By 1908 Sidney’s sons, Walter and Percy, had overseen completion of Yalumba’s Angaston marble wine cellar and clocktower. Sidney passed away shortly after its completion.

In 1938 Wyndham Hill-Smith assumed management responsibilities at Yalumba after the death of his father, Walter, and then six months later his brother, Sidney.  Yalumba’s vineyard holdings expanded in Australia under Wyndham’s management.

Robert and Sam Hill Smith, Wyndham’s sons, bought out other family members in 1988-89 and expanded into New Zealand, California and France.

Yalumba makes a wide range of wines, including an organic range, has its own cooperage (the only on-site winery cooperage in the Southern Hemisphere) and a vineyard nursery that provides rootstock and vines to Australian winegrowers.

Over the past six week we’ve been sipping through a collection of Australian wines sent to us by Winebow. This is the last group of wines from that collection. There have been many memorable wines and a few I put squarely in the stellar category (Margaret River and Tasmanian wines come to mind.) Each blog post has been an opportunity to research various Australian wine regions and wineries. It has been a delicious learning experience.

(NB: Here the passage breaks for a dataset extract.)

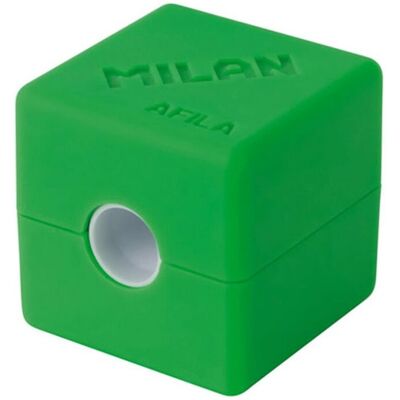 Milan, temperówki pojedyncze, Cubic, 16 sztuk Milan, temperówki pojedyncze, Cubic, 16 sztuk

One style of wine that was missing from this collection, and it’s a style of wine that I closely associated with Australia before this tasting experience, is very ripe, high-alcohol Shiraz. I was relieved, actually, as this style of wine exhausts my palate quickly. The two takeaways from tasting all of these wines are: Australian wine is not defined by one style and the quality of Australian wines is very good. The range of varieties and styles is as varied as this beautiful country and that’s something to celebrate.